It’s a been a week of minor details. Or rather, astonishingly minor, inconsequential, unbelievable trivialities. Last Sunday week for instance, I became obsessed by a chest wig.

I was taking part in the annual Strictly Oxford dancing show at the New Theatre on behalf of Vale House, and I wanted to project a manly torso. Although, that’s actually lying – I didn’t want to – I had to wear a chest wig because I needed its flamboyance to ‘up’ my game.

Unfortunately, it was considered inappropriate for me to do so and that’s fair enough, those were the rules, but at one point during Sunday’s final rehearsals I did find find myself in a heated discussion over the pros and cons of chest wigs in formal dancing competitions (incidentally, it’s still at home unopened). Indeed, to my shame, I can actually remember saying out loud, beside the box office: “Don’t you understand, that chest wig is an extension of me...”

Then last Thursday, I was invited to judge a cake baking competition at Windmill Primary School in Headington.

In all, I think 160 entries were submitted by the pupils but thankfully my judging panel had only to taste and evaluate 68.

Sounds easy doesn’t it? But let me tell you, despite the fact that every mouthful we swallowed was no more than the size of a postage stamp, by cake 33 all of us looked green and would have killed for a bag of chips (anything savoury in fact).
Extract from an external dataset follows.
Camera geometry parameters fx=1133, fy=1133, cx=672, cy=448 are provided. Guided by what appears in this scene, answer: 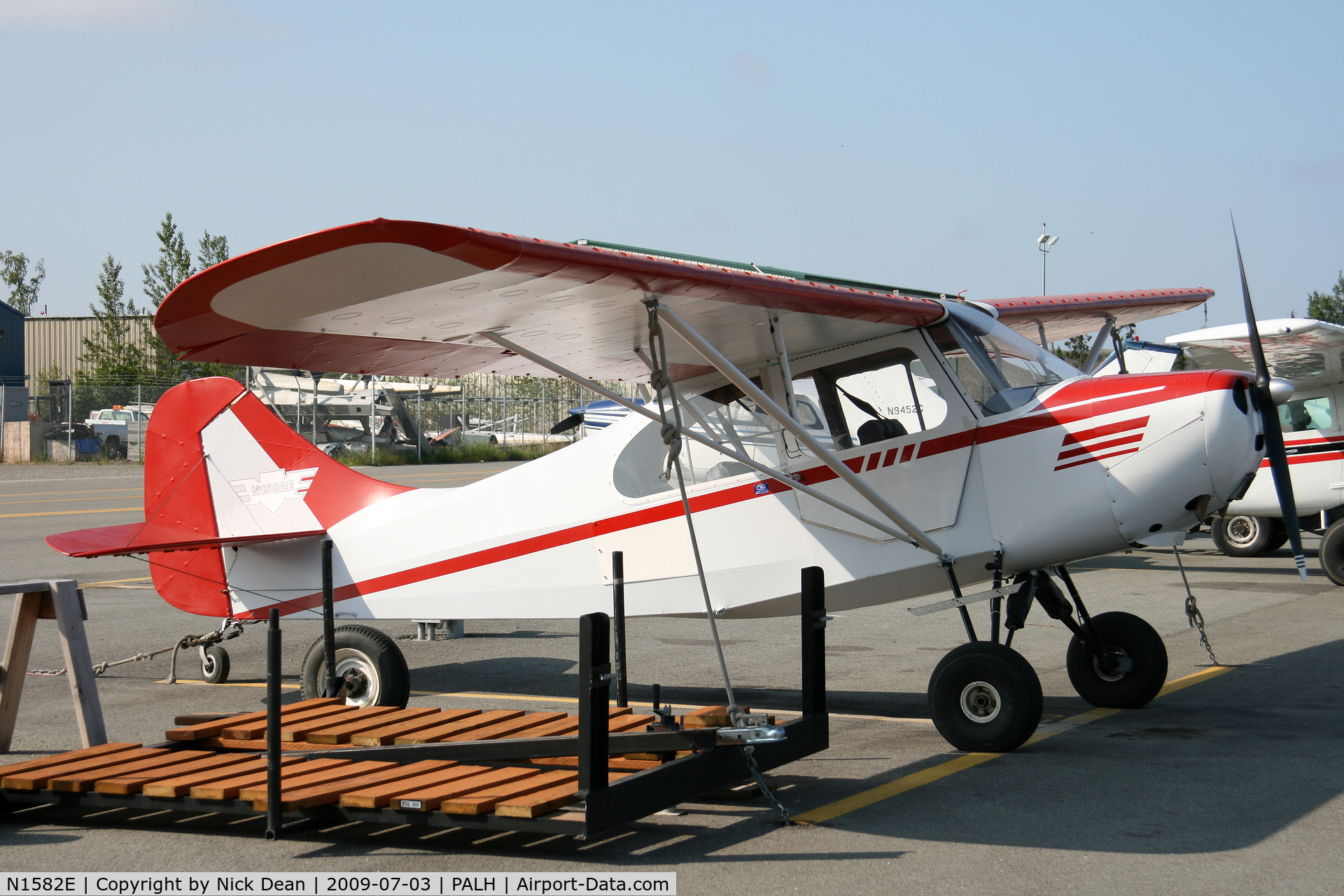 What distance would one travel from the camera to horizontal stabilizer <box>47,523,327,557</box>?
7434 mm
What was interesting however was how heated we became in our assessment of each cake; indeed, something as small and seemingly inconsequential as a trace of gooseberry in a multi-coloured sponge drove us to distraction (grown people, I kid you not, arguing over the inclusion of an unexpected flavour is something Rude Youtube would beg to screen).

And on Friday, I found myself obsessed on the bus in from Kidlington by the behaviour of Oxford’s cyclists.
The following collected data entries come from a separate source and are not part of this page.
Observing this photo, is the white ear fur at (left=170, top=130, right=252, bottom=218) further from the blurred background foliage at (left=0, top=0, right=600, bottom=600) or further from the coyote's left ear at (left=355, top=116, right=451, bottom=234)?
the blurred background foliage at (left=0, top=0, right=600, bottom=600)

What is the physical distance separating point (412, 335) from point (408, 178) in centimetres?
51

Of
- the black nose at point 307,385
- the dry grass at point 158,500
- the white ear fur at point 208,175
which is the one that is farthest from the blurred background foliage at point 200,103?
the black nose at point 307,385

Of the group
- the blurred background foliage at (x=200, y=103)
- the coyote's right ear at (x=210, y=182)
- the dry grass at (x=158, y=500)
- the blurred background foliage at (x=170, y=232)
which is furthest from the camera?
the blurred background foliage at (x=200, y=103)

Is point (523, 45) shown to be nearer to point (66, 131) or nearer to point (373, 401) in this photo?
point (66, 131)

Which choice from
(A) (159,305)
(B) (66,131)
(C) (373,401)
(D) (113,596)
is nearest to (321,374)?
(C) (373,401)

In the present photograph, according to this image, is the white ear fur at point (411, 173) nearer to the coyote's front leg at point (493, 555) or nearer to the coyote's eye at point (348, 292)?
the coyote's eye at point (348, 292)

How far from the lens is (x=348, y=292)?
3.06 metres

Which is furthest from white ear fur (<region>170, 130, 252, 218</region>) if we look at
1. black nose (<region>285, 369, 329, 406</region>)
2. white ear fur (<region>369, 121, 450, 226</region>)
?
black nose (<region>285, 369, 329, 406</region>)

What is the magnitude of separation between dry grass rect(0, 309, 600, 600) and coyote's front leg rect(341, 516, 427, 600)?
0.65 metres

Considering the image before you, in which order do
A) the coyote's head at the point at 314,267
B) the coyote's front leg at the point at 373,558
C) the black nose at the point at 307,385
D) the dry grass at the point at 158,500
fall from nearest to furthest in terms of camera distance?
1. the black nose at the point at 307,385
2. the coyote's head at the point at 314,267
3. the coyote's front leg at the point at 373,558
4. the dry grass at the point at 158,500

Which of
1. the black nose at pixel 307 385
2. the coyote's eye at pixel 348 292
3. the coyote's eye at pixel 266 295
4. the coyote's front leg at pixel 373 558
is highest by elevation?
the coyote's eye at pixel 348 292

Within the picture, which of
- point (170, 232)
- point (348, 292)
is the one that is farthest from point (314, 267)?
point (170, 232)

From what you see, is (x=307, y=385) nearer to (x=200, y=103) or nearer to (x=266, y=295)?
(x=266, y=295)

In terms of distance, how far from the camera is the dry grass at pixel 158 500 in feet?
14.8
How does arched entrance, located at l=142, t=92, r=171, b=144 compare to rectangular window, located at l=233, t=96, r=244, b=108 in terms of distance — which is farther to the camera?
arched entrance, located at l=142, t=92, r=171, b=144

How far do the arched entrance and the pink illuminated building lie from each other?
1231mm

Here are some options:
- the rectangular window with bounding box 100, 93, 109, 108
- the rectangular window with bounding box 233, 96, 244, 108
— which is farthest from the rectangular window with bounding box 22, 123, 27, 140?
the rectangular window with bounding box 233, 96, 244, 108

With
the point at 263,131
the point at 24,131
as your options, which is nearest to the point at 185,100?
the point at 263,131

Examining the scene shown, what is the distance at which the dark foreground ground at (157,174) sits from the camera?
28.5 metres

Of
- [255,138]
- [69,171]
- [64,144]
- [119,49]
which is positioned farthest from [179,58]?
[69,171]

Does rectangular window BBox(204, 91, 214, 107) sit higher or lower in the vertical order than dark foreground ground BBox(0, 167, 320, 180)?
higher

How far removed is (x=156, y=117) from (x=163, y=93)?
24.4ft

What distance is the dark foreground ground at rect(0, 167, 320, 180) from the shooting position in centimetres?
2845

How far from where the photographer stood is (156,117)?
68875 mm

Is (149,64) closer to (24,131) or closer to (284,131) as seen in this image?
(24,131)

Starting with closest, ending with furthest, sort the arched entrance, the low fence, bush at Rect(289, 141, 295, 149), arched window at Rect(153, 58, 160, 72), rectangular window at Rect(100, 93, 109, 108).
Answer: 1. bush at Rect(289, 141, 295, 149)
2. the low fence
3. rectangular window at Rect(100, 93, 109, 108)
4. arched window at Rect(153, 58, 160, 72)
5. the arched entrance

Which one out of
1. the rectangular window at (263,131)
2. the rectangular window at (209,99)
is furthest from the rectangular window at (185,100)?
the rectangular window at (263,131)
No criticism you understand, I’m bored by that argument – I just found myself bewildered and awed by the complexity of their swerving, their queue jumping, their over-taking, and all without either hand on their handlebars and their headphones welded on. Astonishing.
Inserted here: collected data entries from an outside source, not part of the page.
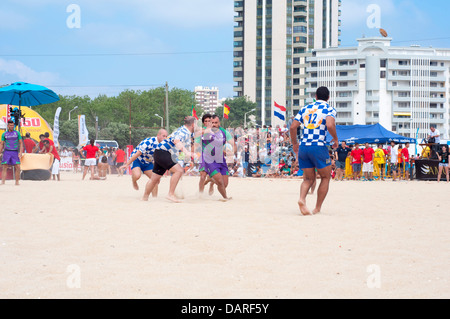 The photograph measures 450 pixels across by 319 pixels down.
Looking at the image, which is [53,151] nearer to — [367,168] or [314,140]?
[367,168]

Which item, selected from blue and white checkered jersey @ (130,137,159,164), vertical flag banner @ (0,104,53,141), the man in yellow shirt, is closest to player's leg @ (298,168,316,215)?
blue and white checkered jersey @ (130,137,159,164)

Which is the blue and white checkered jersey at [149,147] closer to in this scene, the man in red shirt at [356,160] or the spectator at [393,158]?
the man in red shirt at [356,160]

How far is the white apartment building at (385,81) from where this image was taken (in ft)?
397

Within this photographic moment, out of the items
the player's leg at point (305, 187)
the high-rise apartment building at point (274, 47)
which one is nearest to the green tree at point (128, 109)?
the high-rise apartment building at point (274, 47)

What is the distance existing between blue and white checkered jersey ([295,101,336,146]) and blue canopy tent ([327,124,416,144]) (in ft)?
68.9

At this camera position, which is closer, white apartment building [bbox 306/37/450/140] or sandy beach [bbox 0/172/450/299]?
sandy beach [bbox 0/172/450/299]

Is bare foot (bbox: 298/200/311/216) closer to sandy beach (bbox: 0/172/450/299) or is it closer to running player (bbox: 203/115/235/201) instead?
sandy beach (bbox: 0/172/450/299)

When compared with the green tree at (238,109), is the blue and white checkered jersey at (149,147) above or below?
A: below

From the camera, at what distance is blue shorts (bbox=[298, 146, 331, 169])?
942 cm

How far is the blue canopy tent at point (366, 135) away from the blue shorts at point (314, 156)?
21.0 metres

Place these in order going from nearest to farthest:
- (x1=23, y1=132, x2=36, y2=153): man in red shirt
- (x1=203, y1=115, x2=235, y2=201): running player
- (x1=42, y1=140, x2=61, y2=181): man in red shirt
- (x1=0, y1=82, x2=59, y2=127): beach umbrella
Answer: (x1=203, y1=115, x2=235, y2=201): running player < (x1=0, y1=82, x2=59, y2=127): beach umbrella < (x1=23, y1=132, x2=36, y2=153): man in red shirt < (x1=42, y1=140, x2=61, y2=181): man in red shirt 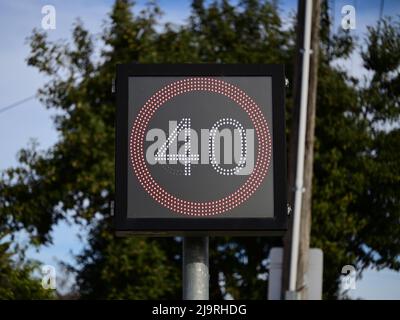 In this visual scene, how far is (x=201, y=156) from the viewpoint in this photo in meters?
6.89

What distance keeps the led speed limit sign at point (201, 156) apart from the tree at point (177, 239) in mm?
20386

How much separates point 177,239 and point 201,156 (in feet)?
71.7

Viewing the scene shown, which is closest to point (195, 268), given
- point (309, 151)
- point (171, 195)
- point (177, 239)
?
point (171, 195)

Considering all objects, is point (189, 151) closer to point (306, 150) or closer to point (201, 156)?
point (201, 156)

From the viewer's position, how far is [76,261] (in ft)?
93.8

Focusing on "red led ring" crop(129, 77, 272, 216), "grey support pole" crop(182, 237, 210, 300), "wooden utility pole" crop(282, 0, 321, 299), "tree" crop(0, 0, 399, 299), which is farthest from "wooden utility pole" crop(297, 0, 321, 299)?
"tree" crop(0, 0, 399, 299)

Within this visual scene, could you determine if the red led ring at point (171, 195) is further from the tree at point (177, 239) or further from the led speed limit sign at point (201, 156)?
the tree at point (177, 239)

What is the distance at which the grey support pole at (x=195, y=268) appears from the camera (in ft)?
24.3

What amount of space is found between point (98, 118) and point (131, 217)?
21090 mm

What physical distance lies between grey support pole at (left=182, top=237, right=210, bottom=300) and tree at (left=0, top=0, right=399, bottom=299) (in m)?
19.9

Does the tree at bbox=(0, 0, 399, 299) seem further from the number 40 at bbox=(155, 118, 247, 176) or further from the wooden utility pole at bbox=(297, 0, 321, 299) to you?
the number 40 at bbox=(155, 118, 247, 176)

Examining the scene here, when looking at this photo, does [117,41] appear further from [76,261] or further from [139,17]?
[76,261] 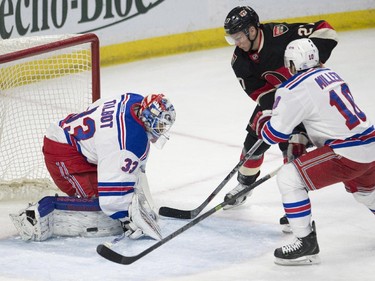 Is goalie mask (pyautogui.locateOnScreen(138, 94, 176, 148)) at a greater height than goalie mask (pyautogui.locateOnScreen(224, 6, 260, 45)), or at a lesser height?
lesser

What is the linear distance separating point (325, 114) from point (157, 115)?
72cm

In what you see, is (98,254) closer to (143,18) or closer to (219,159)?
(219,159)

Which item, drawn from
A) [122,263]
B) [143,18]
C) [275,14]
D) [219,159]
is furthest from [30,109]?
[275,14]

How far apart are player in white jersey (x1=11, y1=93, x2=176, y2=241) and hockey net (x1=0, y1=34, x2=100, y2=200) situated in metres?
0.50

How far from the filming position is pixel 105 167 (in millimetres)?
4277

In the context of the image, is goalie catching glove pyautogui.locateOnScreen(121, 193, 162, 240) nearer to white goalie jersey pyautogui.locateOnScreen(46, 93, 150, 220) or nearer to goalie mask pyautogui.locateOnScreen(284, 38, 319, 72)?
white goalie jersey pyautogui.locateOnScreen(46, 93, 150, 220)

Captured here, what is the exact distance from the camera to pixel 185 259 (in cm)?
423

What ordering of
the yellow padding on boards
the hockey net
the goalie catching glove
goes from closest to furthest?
the goalie catching glove
the hockey net
the yellow padding on boards

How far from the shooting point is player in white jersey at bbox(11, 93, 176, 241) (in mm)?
4262

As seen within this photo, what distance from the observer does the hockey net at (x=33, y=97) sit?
201 inches

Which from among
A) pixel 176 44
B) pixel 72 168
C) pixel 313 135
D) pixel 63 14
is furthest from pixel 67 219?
pixel 176 44

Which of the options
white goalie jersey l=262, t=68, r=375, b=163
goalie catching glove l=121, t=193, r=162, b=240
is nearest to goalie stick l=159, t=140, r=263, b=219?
goalie catching glove l=121, t=193, r=162, b=240

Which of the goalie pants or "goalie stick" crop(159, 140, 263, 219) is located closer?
the goalie pants

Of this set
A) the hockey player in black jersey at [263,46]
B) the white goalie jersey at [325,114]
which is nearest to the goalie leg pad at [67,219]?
the hockey player in black jersey at [263,46] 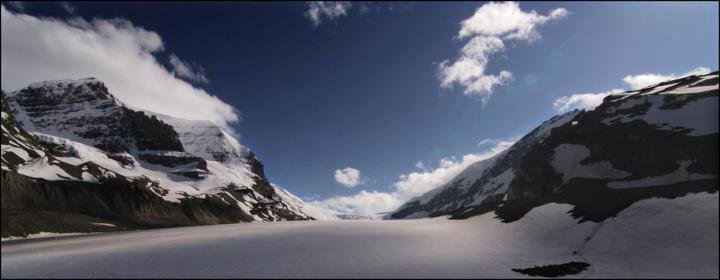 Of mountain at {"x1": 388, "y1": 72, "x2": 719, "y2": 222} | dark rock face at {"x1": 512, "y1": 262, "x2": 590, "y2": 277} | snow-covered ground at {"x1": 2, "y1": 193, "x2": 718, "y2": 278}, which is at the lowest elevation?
dark rock face at {"x1": 512, "y1": 262, "x2": 590, "y2": 277}

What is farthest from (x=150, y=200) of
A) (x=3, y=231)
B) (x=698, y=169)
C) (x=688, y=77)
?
(x=688, y=77)

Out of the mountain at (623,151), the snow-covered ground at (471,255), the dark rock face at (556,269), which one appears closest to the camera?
the snow-covered ground at (471,255)

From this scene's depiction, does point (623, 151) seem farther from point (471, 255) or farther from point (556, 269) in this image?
point (556, 269)

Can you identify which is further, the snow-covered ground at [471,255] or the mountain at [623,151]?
the mountain at [623,151]

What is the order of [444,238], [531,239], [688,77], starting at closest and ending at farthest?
[531,239], [444,238], [688,77]

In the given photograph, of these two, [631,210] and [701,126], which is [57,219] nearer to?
[631,210]

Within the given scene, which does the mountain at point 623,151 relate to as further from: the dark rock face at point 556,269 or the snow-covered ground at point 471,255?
the dark rock face at point 556,269

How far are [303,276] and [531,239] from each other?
80.2 ft

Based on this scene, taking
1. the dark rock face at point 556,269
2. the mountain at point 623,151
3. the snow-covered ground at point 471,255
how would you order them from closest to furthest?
the snow-covered ground at point 471,255
the dark rock face at point 556,269
the mountain at point 623,151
Fortunately, the weekend passed without any particular obsessions, apart that is from my fanatical devotion to washing and ironing my white shirts. I’m not kidding – I think I may even need a course of Beta-Blockers – prescribed to control rapid heartbeat and trembling in anxious situations – to reduce the tension I feel every time I prepare my shirts for the Hotpoint (I wanted a Miele or Bosch but couldn’t afford either).

One shirt (out of six) looked less than shimmering (despite the two added sachets of whitener and Vanish stain remover) and I felt suddenly and powerfully winded.

‘Sad’ doesn’t even come into to it.

For me, I’ve only ever been able to see the trees rather than the woods.